La secretaria tardó sólo unos minutos en encontrar la carpeta indicada en un archivador de roble tallado a mano situado en un rincón del despacho del abogado. Atravesó la habitación, con los pies descalzos sobre la suave moqueta, arrojó el dossier sobre el escritorio, delante del abogado y se retiró a una silla colocada contra la pared, donde hizo lo posible por hacerse un ovillo. El abogado estiró el brazo para coger la carpeta, y su piel rechinó contra el cuero del sillón. Parecía menos incómodo que la joven, como si se hubiese resignado a ir desnudo. Abrió el expediente, y Jeffrey, decepcionado, advirtió que era extremadamente delgado.

– No lo conocía demasiado -dijo Smith-. Sólo nos vimos en un par de ocasiones. Después de eso, hablamos una o dos veces por teléfono a lo largo de los años, pero eso fue todo. En los últimos cinco años no he sabido de él. Aunque eso es comprensible…

– ¿Por qué?

– Porque hace cinco años el estado acabó de pagarle el premio de la lotería. Las ganancias se terminaron. Bueno, es un decir. No tengo información sobre el modo en que invirtió el dinero, pero intuyo que lo hizo inteligentemente. Su padre me pareció un hombre muy cuidadoso y sereno. Tenía un plan y lo llevó a cabo del modo más minucioso.

– ¿Qué plan?

– Yo cobraba el dinero del premio. Luego, tras descontar mis honorarios, por supuesto, ingresaba ese dinero en la cuenta de su padre, protegida de miradas curiosas por la confidencialidad entre abogado y cliente, y de ahí la enviaba a bancos en paraísos fiscales del Caribe, ignoro qué ocurría después, seguramente, como ocurre en la mayor parte de las operaciones de blanqueo, el dinero se transfería, previo pago de una modestísima comisión, a una cuenta a nombre de algún individuo o empresa inexistentes. Finalmente, acababa por volver a Estados Unidos, pero para entonces su relación con la fuente original se había dispersado a conciencia. Yo lo único que hacía era dar un empujoncito al asunto. No tengo idea de hasta dónde llegaba.

– ¿Cobraba usted bien por ello?

– Cuando uno es joven, sin muchos recursos, y un hombre le dice que le pagará cien mil dólares al año sólo por dedicar una hora a hacer operaciones bancarias… -El abogado encogió sus hombros desnudos-. Bueno, era un buen negocio.

– Hay algo más, su muerte.

– Su muerte se fraguó sólo en el papel.

– ¿A qué se refiere?

– No se produjo accidente alguno. Sí hubo, no obstante, un informe sobre el accidente. Reclamación al seguro. El pago de una incineración. Avisos enviados a los periódicos y a la escuela donde había trabajado. Se tomaron todas las medidas posibles para dar visos de realidad a un suceso que nunca ocurrió. Se conservan copias de esos papeles en el dossier. Pero no hubo muerte.
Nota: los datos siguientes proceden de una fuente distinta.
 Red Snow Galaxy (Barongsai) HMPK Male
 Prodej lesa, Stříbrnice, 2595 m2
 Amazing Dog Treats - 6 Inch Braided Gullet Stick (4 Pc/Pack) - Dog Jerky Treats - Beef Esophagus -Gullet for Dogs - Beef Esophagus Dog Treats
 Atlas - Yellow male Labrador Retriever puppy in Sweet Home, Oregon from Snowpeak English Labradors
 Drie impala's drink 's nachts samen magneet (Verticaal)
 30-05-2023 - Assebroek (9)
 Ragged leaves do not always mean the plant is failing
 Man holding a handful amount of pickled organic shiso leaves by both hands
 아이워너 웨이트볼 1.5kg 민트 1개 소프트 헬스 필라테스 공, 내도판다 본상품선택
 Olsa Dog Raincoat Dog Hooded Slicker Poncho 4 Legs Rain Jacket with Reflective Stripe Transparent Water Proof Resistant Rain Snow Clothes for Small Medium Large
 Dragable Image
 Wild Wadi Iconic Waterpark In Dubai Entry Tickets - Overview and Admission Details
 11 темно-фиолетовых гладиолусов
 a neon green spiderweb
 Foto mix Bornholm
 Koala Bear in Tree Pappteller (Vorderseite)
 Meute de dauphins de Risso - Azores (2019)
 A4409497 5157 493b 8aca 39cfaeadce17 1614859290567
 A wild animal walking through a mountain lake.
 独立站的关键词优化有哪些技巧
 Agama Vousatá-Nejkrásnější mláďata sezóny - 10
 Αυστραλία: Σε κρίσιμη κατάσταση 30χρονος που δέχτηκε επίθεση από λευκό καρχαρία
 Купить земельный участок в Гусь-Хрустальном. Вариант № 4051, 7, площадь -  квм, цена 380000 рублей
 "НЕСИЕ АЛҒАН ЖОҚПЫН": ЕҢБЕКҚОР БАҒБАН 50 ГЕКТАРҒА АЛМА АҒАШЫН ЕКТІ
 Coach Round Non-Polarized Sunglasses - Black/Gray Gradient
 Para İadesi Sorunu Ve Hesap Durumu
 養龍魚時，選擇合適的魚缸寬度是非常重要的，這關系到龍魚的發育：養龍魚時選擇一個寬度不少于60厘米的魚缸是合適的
– ¿Y usted le ayudó a hacer todo eso?

El abogado volvió a encogerse de hombros.

– Decía que quería empezar de cero.

– Explíquese.

– Nunca dijo directamente que quisiera convertirse en otra persona. Y yo me guardé mucho de hacerle preguntas, aunque cualquier imbécil se habría dado cuenta de lo que estaba pasando. ¿Sabe? Hice unas pequeñas averiguaciones sobre su pasado, y descubrí que no estaba fichado por la policía, y desde luego su nombre no constaba en ninguna base de datos oficial, al menos en ninguna de las que consulté. Dígame, señor Clayton, ¿qué tendría que haber hecho? ¿Rechazar el dinero? Un hombre que aparentemente no tiene motivos para ello, un hombre respetado entre los de su profesión, sin una necesidad evidente por razones delictivas o sociales, quiere dejar atrás su vida y empezar una nueva en algún otro sitio. En un lugar distinto. Y está dispuesto a pagar una suma fabulosa por ese privilegio. ¿Quién soy yo para interponerme en su camino?